Research Roundup

August 2017 Issue




Research Roundup: August 2017

Ten Fruits and Veg Servings Better than Five

Eating the recommended five servings of fruits and vegetables a day reduces risk of disease, but English researchers say eating ten servings provides the greatest results. The meta-analysis that assessed cases of heart disease, stroke, cardiovascular disease, and cancer in two million people estimated that 7.8 million premature deaths worldwide could potentially be prevented each year if people ate 10 servings (800 grams) of fruits and vegetables each day.

(International Journal of Epidemiology, February 2017)

Blueberries Boost Brain Function

Regular consumption of blueberry concentrate increased activity in the brain areas associated with memory and function that trend to deteriorate with age, research shows. The study included two groups of healthy adults in their late sixties who drank either 30 milliliters of blueberry concentrate or a placebo every day for 12 weeks. Before and after consumption, participants underwent cognitive function and brain stimulation tests. Significant increases in brain activity, including memory improvement, resulted in the blueberry group compared to the placebo group.

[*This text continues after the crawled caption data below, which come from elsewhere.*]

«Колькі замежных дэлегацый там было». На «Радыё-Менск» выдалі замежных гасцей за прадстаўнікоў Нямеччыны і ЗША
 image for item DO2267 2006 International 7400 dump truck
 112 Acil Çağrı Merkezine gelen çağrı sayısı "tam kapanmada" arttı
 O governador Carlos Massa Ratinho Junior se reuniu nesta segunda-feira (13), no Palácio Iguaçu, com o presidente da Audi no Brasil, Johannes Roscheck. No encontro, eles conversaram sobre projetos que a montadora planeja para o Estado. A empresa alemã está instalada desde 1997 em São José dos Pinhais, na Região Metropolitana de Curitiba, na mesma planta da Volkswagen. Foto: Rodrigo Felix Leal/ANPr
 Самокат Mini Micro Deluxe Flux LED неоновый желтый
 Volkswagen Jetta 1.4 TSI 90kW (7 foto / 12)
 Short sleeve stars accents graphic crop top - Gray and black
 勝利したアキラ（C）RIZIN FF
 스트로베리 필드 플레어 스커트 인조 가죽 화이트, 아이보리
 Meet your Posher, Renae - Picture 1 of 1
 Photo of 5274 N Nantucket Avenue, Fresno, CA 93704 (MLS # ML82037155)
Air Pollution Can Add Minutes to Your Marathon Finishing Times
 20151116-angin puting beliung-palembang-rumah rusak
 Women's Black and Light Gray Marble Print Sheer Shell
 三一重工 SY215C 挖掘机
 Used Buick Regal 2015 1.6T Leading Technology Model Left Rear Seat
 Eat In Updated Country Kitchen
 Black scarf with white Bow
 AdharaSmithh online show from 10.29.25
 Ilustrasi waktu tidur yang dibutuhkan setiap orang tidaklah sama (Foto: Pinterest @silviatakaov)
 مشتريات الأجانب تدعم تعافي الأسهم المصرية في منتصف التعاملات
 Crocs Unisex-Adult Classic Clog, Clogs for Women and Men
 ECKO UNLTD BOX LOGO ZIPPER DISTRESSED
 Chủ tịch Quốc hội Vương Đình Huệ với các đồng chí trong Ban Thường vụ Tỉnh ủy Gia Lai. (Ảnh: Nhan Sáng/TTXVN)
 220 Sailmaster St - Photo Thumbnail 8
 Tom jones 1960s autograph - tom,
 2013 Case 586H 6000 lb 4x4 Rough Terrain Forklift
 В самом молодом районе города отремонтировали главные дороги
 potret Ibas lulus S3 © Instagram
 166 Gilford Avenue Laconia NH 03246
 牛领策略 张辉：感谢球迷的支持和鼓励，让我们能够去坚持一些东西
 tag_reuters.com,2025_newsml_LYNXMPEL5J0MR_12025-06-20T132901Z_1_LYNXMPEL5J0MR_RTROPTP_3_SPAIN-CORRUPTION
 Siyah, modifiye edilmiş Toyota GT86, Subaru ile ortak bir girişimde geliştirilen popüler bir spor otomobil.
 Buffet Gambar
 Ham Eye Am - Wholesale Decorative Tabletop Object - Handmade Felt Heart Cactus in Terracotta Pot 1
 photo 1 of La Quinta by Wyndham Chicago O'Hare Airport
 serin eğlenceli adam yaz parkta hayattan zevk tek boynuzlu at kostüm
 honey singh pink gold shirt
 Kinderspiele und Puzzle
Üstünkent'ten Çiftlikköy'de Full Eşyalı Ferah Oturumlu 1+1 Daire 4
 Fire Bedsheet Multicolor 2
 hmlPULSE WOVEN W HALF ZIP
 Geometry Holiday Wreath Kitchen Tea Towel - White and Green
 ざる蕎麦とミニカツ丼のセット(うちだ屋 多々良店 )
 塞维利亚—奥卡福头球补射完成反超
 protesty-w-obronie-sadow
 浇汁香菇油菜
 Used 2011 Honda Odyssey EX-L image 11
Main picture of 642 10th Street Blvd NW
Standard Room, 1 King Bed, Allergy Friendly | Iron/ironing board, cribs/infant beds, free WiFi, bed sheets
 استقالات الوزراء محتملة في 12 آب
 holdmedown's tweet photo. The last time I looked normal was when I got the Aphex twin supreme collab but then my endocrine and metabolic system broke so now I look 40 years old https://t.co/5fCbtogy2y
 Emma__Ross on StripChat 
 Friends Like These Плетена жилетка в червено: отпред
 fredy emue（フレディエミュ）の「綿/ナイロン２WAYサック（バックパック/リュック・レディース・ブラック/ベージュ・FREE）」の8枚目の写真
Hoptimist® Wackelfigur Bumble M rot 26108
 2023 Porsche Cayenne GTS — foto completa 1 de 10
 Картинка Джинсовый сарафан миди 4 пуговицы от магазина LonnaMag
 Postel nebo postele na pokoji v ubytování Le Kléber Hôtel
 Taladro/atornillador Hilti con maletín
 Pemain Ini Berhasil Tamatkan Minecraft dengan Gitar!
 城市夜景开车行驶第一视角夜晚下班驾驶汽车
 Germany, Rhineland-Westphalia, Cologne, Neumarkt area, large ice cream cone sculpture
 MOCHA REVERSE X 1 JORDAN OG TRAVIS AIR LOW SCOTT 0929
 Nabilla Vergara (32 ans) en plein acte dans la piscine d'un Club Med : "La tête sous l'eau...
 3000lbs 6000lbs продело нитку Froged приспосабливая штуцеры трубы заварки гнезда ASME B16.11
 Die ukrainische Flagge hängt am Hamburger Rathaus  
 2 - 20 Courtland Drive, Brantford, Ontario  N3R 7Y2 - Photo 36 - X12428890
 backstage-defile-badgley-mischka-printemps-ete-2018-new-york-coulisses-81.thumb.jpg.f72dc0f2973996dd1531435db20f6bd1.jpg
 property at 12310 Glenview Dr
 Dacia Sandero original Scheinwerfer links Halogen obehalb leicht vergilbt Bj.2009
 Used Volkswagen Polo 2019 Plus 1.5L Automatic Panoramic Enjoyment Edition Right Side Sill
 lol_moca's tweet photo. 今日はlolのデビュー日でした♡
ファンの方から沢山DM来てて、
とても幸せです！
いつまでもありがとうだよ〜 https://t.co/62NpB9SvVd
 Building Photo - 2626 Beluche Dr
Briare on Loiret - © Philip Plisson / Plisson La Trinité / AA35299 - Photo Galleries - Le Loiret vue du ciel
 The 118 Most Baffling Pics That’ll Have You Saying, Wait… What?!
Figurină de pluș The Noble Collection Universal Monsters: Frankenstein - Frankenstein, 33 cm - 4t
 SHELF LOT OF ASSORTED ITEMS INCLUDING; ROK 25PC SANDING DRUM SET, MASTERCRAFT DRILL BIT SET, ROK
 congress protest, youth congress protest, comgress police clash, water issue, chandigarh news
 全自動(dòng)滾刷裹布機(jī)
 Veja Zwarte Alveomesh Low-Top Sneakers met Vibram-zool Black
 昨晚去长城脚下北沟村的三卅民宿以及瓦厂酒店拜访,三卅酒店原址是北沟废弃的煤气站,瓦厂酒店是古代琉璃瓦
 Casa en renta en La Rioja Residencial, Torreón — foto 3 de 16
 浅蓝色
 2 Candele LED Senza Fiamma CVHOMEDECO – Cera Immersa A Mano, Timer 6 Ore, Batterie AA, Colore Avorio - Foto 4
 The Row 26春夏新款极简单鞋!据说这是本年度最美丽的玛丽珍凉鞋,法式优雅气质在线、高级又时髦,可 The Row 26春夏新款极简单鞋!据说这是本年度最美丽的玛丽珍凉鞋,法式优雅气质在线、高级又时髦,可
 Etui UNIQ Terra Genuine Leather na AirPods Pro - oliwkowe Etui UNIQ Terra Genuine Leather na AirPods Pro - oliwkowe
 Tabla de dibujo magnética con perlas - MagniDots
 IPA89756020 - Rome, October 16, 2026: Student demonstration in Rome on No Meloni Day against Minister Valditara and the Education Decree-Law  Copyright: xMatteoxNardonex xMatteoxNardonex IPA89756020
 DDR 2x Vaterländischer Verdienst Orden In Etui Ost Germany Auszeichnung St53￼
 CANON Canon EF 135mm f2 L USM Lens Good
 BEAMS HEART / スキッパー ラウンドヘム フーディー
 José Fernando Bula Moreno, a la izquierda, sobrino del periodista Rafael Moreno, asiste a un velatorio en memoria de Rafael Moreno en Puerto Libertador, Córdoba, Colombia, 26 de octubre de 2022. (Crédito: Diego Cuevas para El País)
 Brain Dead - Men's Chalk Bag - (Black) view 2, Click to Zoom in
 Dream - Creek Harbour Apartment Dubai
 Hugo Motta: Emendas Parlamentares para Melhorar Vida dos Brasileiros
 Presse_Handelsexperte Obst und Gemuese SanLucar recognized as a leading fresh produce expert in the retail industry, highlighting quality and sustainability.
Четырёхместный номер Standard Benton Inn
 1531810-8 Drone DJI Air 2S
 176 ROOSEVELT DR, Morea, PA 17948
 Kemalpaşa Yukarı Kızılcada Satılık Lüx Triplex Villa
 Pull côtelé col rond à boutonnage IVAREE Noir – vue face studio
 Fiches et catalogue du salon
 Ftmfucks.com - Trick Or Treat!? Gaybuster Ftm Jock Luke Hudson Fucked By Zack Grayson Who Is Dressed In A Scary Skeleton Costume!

(Applied Physiology, Nutrition, and Metabolism, March 2017)

Legumes May Lower Diabetes Risk

A higher consumption of legumes, including lentils, beans, peas, and chickpeas, is associated with more than a one-third reduction in the risk of type 2 diabetes, according to research. The study, which analyzed data from over 3,000 people at high risk of cardiovascular disease, found that, compared to those with a lower consumption of legumes, participants with high legume consumption were at a 35 percent lower risk of developing diabetes after four years of follow-up. High intake averaged just over three servings per week (28.75 grams/day).